At the start of the day, several hundred Londoners were locked out of their jobs making diesel trains for Caterpillar Inc. By noon, they were simply out of work – the U.S.-based company responded to its ongoing labour dispute by pulling up stakes.

For this to happen in London, among the most hard-hit of Canadian cities in recent years, could hardly have been crueler. Nor could a single event have more strongly epitomized the reasons for the wrenching cost-cutting exercise that the province's government is about to go through.

On Feb. 15, economist Don Drummond will release his long-awaited report on public service reform, expected to help guide that austerity exercise. His recommendations will be more sweeping and draconian than the government expected when it commissioned him last spring. That's because he sees the Ontario's economic growth prospects much the same as the Conference Board does, largely owing to the decline of the manufacturing sector.

That decline involves not just job losses, Mr. Drummond noted in an interview last month, but also a push toward lower wages. The events in London, where workers were laid off because they were unwilling to accept 50 per cent pay cuts, rather neatly encapsulated both of those phenomena.

Caterpillar is known for its hardball tactics, so not every case will be as extreme. But the reality is that much of Ontario, outside the Greater Toronto Area and a few other hubs, is starting to look a lot like rust-belt states south of the border – places like Indiana, where it's rumoured those Caterpillar jobs will be going, to people willing to work for less.

As provincial officials rightly point out, growth projections five or 10 years down the road are hardly reliable, so the specific numbers being put out by Mr. Drummond or the Conference Board need to be taken with a grain of salt. But take into account the province's aging population, its declining share of skilled immigrants and other pressures, and the pessimism is more than understandable.

That's something the province's political leadership is unlikely to accept openly. In power for more than eight years, Dalton McGuinty is reluctant to tell Ontarians their prospects have significantly dimmed on his watch.

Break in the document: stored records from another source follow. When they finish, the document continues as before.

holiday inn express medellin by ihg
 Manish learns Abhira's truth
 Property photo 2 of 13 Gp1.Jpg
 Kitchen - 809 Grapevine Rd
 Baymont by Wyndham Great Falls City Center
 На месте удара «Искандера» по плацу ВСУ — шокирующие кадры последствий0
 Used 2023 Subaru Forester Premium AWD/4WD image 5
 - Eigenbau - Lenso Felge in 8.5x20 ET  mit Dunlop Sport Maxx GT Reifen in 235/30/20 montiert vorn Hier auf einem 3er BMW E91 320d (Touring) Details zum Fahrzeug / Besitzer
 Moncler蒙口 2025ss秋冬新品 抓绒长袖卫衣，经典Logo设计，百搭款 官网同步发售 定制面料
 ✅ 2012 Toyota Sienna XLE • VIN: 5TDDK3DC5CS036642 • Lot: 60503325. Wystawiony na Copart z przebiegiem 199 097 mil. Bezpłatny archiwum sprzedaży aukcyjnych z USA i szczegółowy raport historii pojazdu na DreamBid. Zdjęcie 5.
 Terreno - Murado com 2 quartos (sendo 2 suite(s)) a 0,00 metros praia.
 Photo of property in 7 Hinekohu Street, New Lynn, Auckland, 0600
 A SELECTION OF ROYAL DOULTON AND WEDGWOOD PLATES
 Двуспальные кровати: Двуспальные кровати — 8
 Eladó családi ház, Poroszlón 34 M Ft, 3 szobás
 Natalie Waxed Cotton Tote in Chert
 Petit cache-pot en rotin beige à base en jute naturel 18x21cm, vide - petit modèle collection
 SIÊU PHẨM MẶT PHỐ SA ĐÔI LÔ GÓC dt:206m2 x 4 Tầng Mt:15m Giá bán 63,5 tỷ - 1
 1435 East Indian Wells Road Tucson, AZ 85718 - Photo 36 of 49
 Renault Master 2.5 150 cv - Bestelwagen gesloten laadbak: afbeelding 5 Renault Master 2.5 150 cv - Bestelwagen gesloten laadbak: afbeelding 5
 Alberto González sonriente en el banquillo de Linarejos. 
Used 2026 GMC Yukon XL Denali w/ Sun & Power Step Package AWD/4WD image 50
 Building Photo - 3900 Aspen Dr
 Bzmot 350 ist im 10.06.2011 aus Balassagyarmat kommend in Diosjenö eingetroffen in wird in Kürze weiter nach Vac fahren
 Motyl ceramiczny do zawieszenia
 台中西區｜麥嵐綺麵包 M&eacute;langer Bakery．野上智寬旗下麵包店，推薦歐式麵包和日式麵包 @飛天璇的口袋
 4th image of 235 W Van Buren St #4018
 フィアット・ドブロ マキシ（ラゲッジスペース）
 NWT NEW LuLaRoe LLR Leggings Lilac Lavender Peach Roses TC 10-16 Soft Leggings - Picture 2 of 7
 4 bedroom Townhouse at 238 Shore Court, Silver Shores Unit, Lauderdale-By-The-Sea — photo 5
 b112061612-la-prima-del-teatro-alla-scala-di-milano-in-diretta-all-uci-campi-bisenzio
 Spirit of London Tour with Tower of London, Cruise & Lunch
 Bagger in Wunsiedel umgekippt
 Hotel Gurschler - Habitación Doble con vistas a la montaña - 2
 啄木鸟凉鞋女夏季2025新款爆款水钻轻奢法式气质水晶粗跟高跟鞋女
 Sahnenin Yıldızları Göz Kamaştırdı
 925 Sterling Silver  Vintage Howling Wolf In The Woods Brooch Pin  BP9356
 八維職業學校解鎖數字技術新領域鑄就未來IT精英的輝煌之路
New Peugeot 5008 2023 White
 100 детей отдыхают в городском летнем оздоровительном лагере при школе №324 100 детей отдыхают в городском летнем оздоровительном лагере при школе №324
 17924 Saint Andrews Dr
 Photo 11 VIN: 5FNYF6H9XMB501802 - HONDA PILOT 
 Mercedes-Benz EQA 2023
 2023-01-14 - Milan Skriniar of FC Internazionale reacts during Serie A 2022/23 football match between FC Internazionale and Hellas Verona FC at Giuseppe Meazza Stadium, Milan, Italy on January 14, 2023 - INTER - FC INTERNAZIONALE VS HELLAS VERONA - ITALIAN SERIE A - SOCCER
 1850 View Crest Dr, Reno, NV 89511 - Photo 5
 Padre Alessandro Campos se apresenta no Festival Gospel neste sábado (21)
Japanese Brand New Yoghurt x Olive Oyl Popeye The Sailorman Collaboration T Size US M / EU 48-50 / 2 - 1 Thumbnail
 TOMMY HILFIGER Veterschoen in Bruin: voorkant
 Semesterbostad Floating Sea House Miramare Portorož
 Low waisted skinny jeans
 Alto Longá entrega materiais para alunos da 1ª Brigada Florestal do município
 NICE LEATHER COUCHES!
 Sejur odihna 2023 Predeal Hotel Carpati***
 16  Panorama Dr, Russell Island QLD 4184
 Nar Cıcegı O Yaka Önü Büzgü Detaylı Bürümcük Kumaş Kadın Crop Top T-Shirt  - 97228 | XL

Truth be told, it's pretty facile to blame a single premier for Ontario's struggles, which have more to do with the province's relative lack of natural resources and its traditionally close economic ties to the United States. And Mr. McGuinty has done at least some of the things experts have been calling on him to do – investing in education to create more of a knowledge economy; cutting business taxes; harmonizing sales taxes; going out on a limb with a green-energy jobs strategy.

Yet for now, at least, the bad news keeps coming. And neither Mr. McGuinty nor his main political opponents, who recently ran for election on the simple premise that the path to prosperity is working hard and playing by the rules, seem to know what to do about it.

"The old model is broken," says Peter Harder, who like Mr. Drummond is a former senior federal bureaucrat well-versed in the province's troubles. "The politicians ought to know that, on the evidence available. But there's no consensus how to address it."

A year ago, Mr. McGuinty effectively acknowledged that he was at a loss over the budget crunch, and sought outside help in the form of Mr. Drummond. Now, Mr. Harder suggests, it might be time to launch another commission to address the root causes of those financial difficulties – the broader economic ones – if only to focus attention the way Mr. Drummond has.

The idea of studying the problem, at this advanced stage, might seem a little dubious – especially if you asked the folks in London. But unless the province can get a handle on it, the kind of pain experienced this week will be spread around Ontario for a long time to come.

What he didn't say, but is an alarming prospect, is that for the past year the province has been studying the wrong problem, or at least the less important one. After all, the depth of spending cuts Mr. Drummond will propose – or the alternative tax increases hinted at by the Conference Board – wouldn't be necessary if Ontario could figure out how to start growing again.